Foto: Blick auf eine Reihe von Bilderrahmen mit Fotos, Zeichnungen und Texten über die Geschichte und Entwicklung des Flettner-Rotors

Blick in die Ausstellung, Foto: Kirchner, SDTB

Der Flettner-Rotor leitet den Wind ähnlich einem Segel seitlich ab und nutzt die entstehenden Kräfte für den Vortrieb des Schiffes. Anders als beim Segelschiff lässt er sich jedoch von einer Person alleine bedienen. Trotz seiner erfolgreichen Erprobung auf einem weiteren Rotorschiff, der BARBARA, setzte sich der Rotor in der Praxis nicht durch. In Zeiten erhöhten Umweltbewusstseins und steigender Treibstoffkosten gewinnt die Idee Flettners vom rotierenden Segelersatz jedoch wieder an Aktualität.

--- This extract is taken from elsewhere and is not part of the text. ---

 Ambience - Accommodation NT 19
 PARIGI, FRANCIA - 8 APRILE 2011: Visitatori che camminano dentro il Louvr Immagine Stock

Die Ausstellung widmet sich anhand von Fotos, Dokumenten und eines zeitgenössischen Filmes der wechselhaften Geschichte beider Schiffe. Ein Funktionsmodell der BUCKAU im Maßstab 1:50 aus dem Jahr 2001 illustriert die Proportionen der Rotoren und bietet Gelegenheit, sich dem Thema aus dem Blickwinkel eines Modellbauers zu nähern.
Schwarzweißfoto: Seitenansicht der 93 m langen BARBARA auf offenem Meer. Die drei hintereinander angeordneten Flettner-Rotoren haben eine Höhe von 17 Metern

Rotorschiff BARBARA auf Fahrt, Foto: Archiv SDTB

Von der Erfindung zur Realisierung

Die Grundlage für den Flettner-Rotor wurde schon 1851 in Berlin gelegt: Der Physiker Heinrich Gustav Magnus (1802-1870) wies in Experimenten erstmals eine bis dahin unbekannte Kraft nach, die immer dann entsteht, wenn eine Luftströmung auf einen rotierenden Körper trifft, den so genannten Magnus-Effekt. Flettner entwickelte seine Rotor-Idee, nachdem er 1923 von den Forschungsergebnissen von Prof. Ludwig Prandtl (1875-1953), dem Leiter der Aerodynamischen Versuchsanstalt Göttingen, erfahren hatte. Die noch junge Wissenschaft der Aerodynamik lieferte Flettner die nötigen physikalischen Daten und stützte seine Argumentation hinsichtlich der Funktionsfähigkeit des Rotor-Antriebes. Dies überzeugte schließlich auch seine Geldgeber von der Germania-Werft in Kiel. 1924 wurde ein erstes Versuchsschiff, die BUCKAU, und zwei Jahre später ein weiteres, größeres Rotorschiff, die BARBARA, gebaut.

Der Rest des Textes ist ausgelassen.